O pewnych rzeczach, które jednak są naznaczone moim jestestwem, napisać mogę :-). Bo ależ owszem i czemu nie?

A o czym?

A choćby o takiej naszej rodzinnej, pierwszej i ostatniej jak dotąd wizycie w gurdwarze - świątyni sikhijskiej. Do zamieszczenia takiej notki (muszę to podkreślić) natchnęła mnie droga moja "siostra" w posiadaniu sikhijskiego męża - Elsa. Pozazdrościłam jej, że mieszka w kraju i miejscu, gdzie do takiej gurdwary może sobie iść z rodzinką kiedy zechce i też postanowiłam "pochwalić" się naszym własnym wypadem do tegoż przybytku. Dodam, że Elsa wcale nie mieszka na co dzień w Indiach. Mieszka jednak tam, gdzie skupisko sikhijskie jest zdecydowanie większe i do gurdwary nie musi jechać blisko 250 km - jak ma się to w naszym skromnym, polsko-wschodnim przypadku.

Nie jestem sikhijką z wyznania, ale odwiedzić gurdwarę było dla mnie priorytetem.
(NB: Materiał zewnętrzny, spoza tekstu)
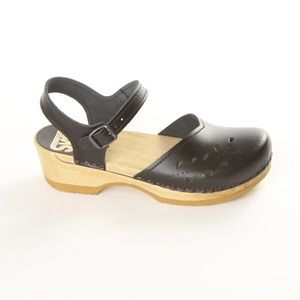 SVEN Leaf Punch Low Heel Mary Jane Clogs  sz 40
Zawsze jestem ciekawa wszelakich miejsc sakralnych a gurdwara pociągała mnie z jednej strony dlatego, że ostatecznie mam sikhijskiego męża a z drugiej, że jakoś zawsze sympatycznie mi się kojarzyła.

Nie mamy w Polsce ani wielu Sikhów ani też ich świątyń. Jeżeli tylko nie palnę w tym momencie babola ni z gruchy ni z pietruchy - napiszę, że gurdwara jest chyba tylko jedna w całym naszym kraju i znajduje się w podwarszawskim Raszynie przy ulicy o nazwie Na Skraju.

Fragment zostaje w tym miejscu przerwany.